Enrichment of kyoto encyclopedia of genes and genomes (KEGG) pathways

To identify significantly altered KEGG pathways for each comparison performed, we applied the hypergeometric distribution statistical test was applied to calculate the probability of overlap of the deregulated transcripts, targets of significantly differentially expressed miRNAs, and gene expression involved in KEGG pathways; p-values were corrected using the Benjamini-Hochberg.

Validation of miRNA expression profiles by quantitative real-time PCR (QR-PCR)

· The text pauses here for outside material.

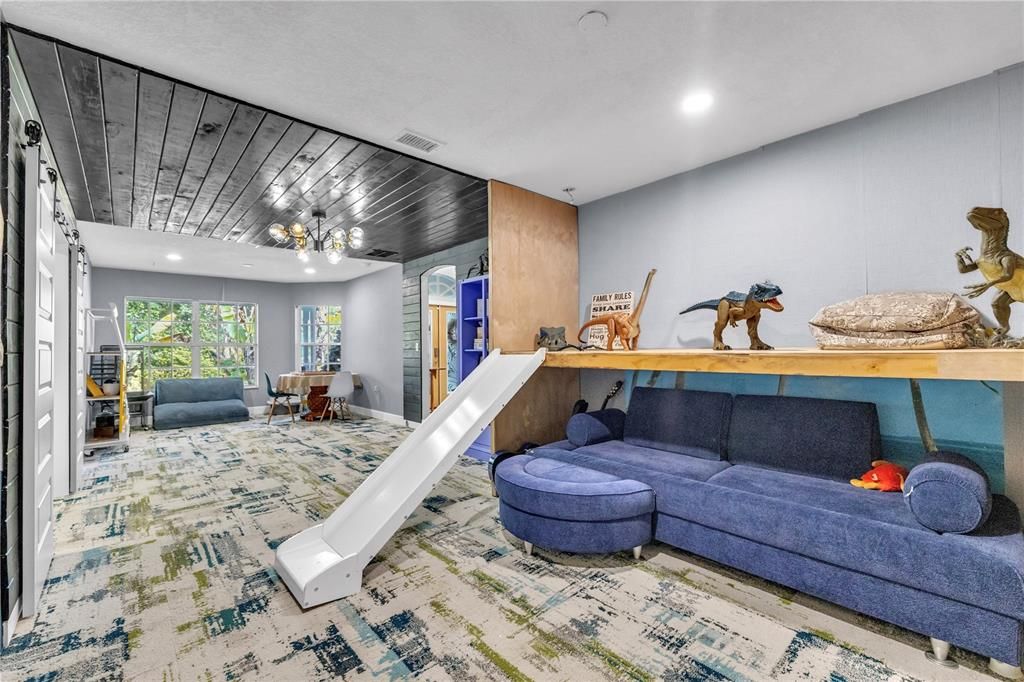 На продажу: $1,275,000 (6 спален, 4 ванн, 5450 Квадратных фут)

TaqMan miRNA expression assays were used to validate GEP in the same samples that were used for the microarray studies, via the Step One Plus Real-Time PCR System -Applied Biosystems (ABI), Foster City, CA, USA- according to the manufacturer's instructions. The assays ID for the miRNAs studied were as follows: 002245 (hsa-miR-122), 2246 (hsa-miR-133a), 002249 (hsa-miR-143) and 461910 (hsa-miR-4417). Each PCR was carried out in duplicate in a final volume of 10 uL using the TaqMan Fast Universal Mastermix (ABI) and the following cycling parameters: incubation at 95°C (20s), followed by 50 cycles at 95°C (1s) and an incubation at 60°C (20s). miRNA expression data was normalized against the RNU43 internal control, and it was further analyzed using the StepOne software (v2.0; ABI). The relative amounts of the quantified miRNAs were calculated using the following equation: 2−ΔCT (ΔCT = CT GENE-CT RNU43) expressed as arbitrary units (AU). For all genes evaluated, RQ-PCR results showed a high degree of correlation with microarray data (r2 ≥ 0.79, p < .0001; Supplementary Figure 2).

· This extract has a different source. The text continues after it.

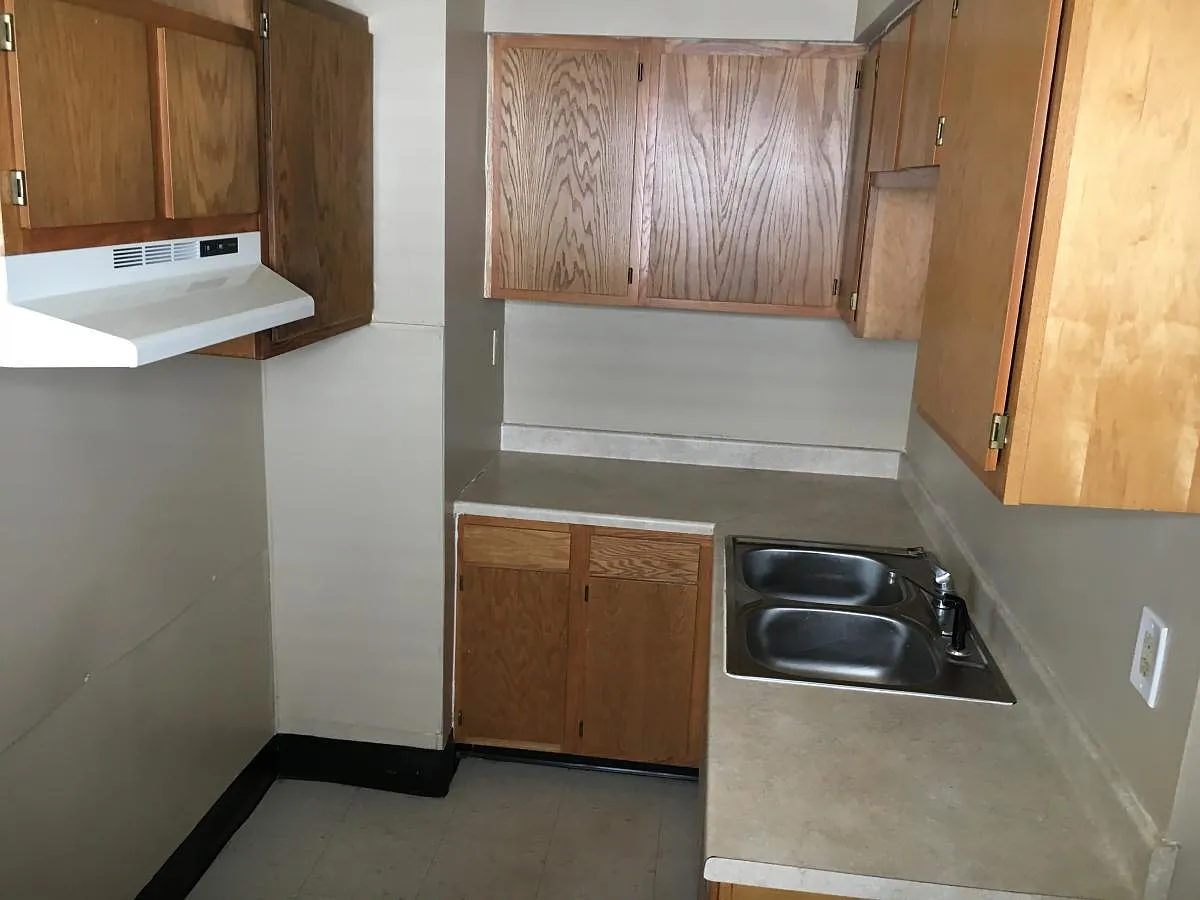 2 bed, 950 sqft, $899 — Photo 3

External validation series of sCRC tumors

External validation of the predictive value of those differentially expressed genes found in our series to discriminate between primary tumors and non-tumoral colorectal tissues, was performed in a group of previously reported metastatic sCRC patients (n = 47) from whom GEP array data files (Affymetrix Human Genome U133 Plus 2.0 Array) are publicly available at the GEO database (accession number GSE21510) [50]. Additionally, to discriminate between liver metastases and non-tumoral colorectal tissues, we performed an external validation in another group of previously reported metastatic sCRC patients (n = 24) from whom GEP array data files (Affymetrix Human Exon 1.0 ST Array) are also publicly available at the GEO database (accession number GSE35834) [36].

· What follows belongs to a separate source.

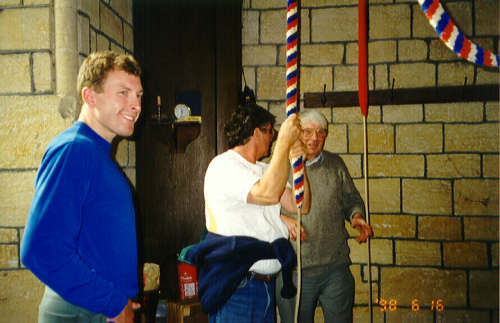 mark looks on.jpg (30756 bytes)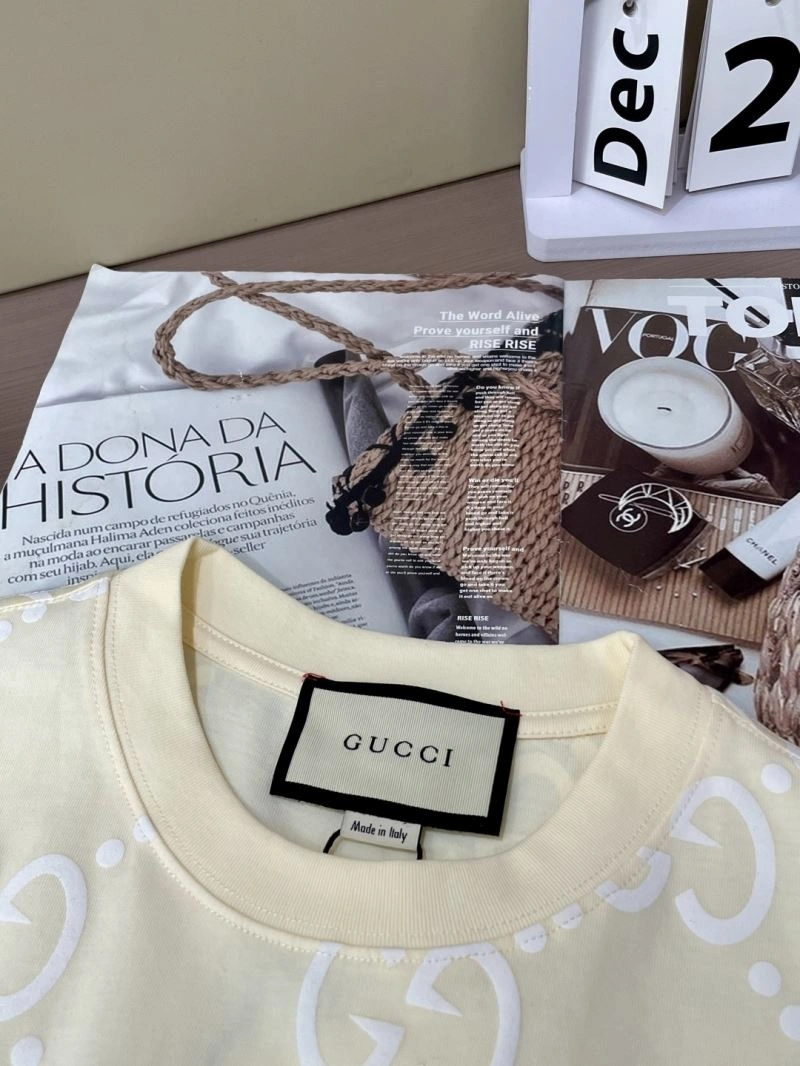 WeatherProof Gucci T-Shirts 126215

Downloaded data CEL files were normalized using the RMA algorithm and overlapping probe sets were defined on the basis of probe specificity, using the GATExplorer server [59]. Probe sets with the best specificity to the interrogated genes were selected, and the expression signals detected for each gene for each probe set were further analyzed using the column metric preserving biplot assay [60] implemented in the SIMFIT statistical software (http://www.simfit.org.uk/).

External validation series of DEFB1, COL12A1 and PTGER3 gene expression

External validation of those genes found to be differentially expressed in our series between primary tumors and their corresponding liver metastases (DEFB1, COL12A1 and PTGER3), was performed in a group of previously reported metastatic sCRC patients (n = 18) from whom RNA-seq data files (Illumina, CA) are publicly available at the GEO database (accession number GSE50760) [61]; in line with our observations, these results confirmed the existence of significant differences in the expression of the DEFB1, COL12A1 and PTGER3 genes between paired primary tumor and their corresponding liver metastases (Supplementary Figure 3).

Other statistical methods

The Mann-Whitney U test and a linear regression model were used to evaluate the statistical significance of differences observed between groups and to explore the degree of correlation between different variables, respectively (SPSS version 15.0; IBM; NY; USA). P-values ≤ .05 were considered to be associated with statistical significance.